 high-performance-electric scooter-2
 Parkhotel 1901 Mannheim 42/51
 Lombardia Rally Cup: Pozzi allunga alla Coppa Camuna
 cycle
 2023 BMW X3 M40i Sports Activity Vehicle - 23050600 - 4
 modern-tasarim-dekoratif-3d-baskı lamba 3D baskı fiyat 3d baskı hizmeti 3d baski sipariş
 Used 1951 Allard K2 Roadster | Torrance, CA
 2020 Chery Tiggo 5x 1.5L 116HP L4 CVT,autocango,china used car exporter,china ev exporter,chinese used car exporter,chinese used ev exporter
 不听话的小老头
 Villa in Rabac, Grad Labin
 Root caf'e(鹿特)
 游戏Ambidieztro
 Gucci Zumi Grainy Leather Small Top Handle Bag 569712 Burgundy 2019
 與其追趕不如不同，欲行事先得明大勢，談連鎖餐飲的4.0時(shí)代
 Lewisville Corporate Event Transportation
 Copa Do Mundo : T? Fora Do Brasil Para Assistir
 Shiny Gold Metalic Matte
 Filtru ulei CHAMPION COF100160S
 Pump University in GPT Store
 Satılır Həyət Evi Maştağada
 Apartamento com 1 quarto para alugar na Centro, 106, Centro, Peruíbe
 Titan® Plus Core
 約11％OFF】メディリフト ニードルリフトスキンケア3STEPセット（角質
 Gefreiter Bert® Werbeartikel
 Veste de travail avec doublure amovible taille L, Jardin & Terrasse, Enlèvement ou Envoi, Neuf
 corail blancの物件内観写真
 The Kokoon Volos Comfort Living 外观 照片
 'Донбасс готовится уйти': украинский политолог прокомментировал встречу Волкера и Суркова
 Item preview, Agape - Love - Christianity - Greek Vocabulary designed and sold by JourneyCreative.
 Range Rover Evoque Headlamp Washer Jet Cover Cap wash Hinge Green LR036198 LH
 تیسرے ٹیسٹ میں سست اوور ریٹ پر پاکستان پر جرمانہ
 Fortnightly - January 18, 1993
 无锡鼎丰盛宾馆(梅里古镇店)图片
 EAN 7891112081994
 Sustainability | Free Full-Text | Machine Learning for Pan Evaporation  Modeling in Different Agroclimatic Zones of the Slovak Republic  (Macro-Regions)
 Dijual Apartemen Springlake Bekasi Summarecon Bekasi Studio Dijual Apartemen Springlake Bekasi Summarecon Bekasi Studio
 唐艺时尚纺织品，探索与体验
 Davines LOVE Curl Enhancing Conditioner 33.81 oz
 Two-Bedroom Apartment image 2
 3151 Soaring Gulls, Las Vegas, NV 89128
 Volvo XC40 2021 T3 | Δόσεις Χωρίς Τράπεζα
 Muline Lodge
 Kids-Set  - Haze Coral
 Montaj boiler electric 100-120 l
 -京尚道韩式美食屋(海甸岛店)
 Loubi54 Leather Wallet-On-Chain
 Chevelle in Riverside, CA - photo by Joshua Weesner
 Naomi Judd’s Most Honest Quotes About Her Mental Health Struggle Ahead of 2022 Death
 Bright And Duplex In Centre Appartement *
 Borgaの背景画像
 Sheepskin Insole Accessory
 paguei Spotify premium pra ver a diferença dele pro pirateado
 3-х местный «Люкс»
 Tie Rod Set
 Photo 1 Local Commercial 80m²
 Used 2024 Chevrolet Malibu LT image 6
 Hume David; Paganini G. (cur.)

• The task:
Would you print all of the material above exactly as written?

• Reply to the exercise:
 high-performance-electric scooter-2
 Parkhotel 1901 Mannheim 42/51
 Lombardia Rally Cup: Pozzi allunga alla Coppa Camuna
 cycle
 2023 BMW X3 M40i Sports Activity Vehicle - 23050600 - 4
 modern-tasarim-dekoratif-3d-baskı lamba 3D baskı fiyat 3d baskı hizmeti 3d baski sipariş
 Used 1951 Allard K2 Roadster | Torrance, CA
 2020 Chery Tiggo 5x 1.5L 116HP L4 CVT,autocango,china used car exporter,china ev exporter,chinese used car exporter,chinese used ev exporter
 不听话的小老头
 Villa in Rabac, Grad Labin
 Root caf'e(鹿特)
 游戏Ambidieztro
 Gucci Zumi Grainy Leather Small Top Handle Bag 569712 Burgundy 2019
 與其追趕不如不同，欲行事先得明大勢，談連鎖餐飲的4.0時(shí)代
 Lewisville Corporate Event Transportation
 Copa Do Mundo : T? Fora Do Brasil Para Assistir
 Shiny Gold Metalic Matte
 Filtru ulei CHAMPION COF100160S
 Pump University in GPT Store
 Satılır Həyət Evi Maştağada
 Apartamento com 1 quarto para alugar na Centro, 106, Centro, Peruíbe
 Titan® Plus Core
 約11％OFF】メディリフト ニードルリフトスキンケア3STEPセット（角質
 Gefreiter Bert® Werbeartikel
 Veste de travail avec doublure amovible taille L, Jardin & Terrasse, Enlèvement ou Envoi, Neuf
 corail blancの物件内観写真
 The Kokoon Volos Comfort Living 外观 照片
 'Донбасс готовится уйти': украинский политолог прокомментировал встречу Волкера и Суркова
 Item preview, Agape - Love - Christianity - Greek Vocabulary designed and sold by JourneyCreative.
 Range Rover Evoque Headlamp Washer Jet Cover Cap wash Hinge Green LR036198 LH
 تیسرے ٹیسٹ میں سست اوور ریٹ پر پاکستان پر جرمانہ
 Fortnightly - January 18, 1993
 无锡鼎丰盛宾馆(梅里古镇店)图片
 EAN 7891112081994
 Sustainability | Free Full-Text | Machine Learning for Pan Evaporation  Modeling in Different Agroclimatic Zones of the Slovak Republic  (Macro-Regions)
 Dijual Apartemen Springlake Bekasi Summarecon Bekasi Studio Dijual Apartemen Springlake Bekasi Summarecon Bekasi Studio
 唐艺时尚纺织品，探索与体验
 Davines LOVE Curl Enhancing Conditioner 33.81 oz
 Two-Bedroom Apartment image 2
 3151 Soaring Gulls, Las Vegas, NV 89128
 Volvo XC40 2021 T3 | Δόσεις Χωρίς Τράπεζα
 Muline Lodge
 Kids-Set  - Haze Coral
 Montaj boiler electric 100-120 l
 -京尚道韩式美食屋(海甸岛店)
 Loubi54 Leather Wallet-On-Chain
 Chevelle in Riverside, CA - photo by Joshua Weesner
 Naomi Judd’s Most Honest Quotes About Her Mental Health Struggle Ahead of 2022 Death
 Bright And Duplex In Centre Appartement *
 Borgaの背景画像
 Sheepskin Insole Accessory
 paguei Spotify premium pra ver a diferença dele pro pirateado
 3-х местный «Люкс»
 Tie Rod Set
 Photo 1 Local Commercial 80m²
 Used 2024 Chevrolet Malibu LT image 6
 Hume David; Paganini G. (cur.)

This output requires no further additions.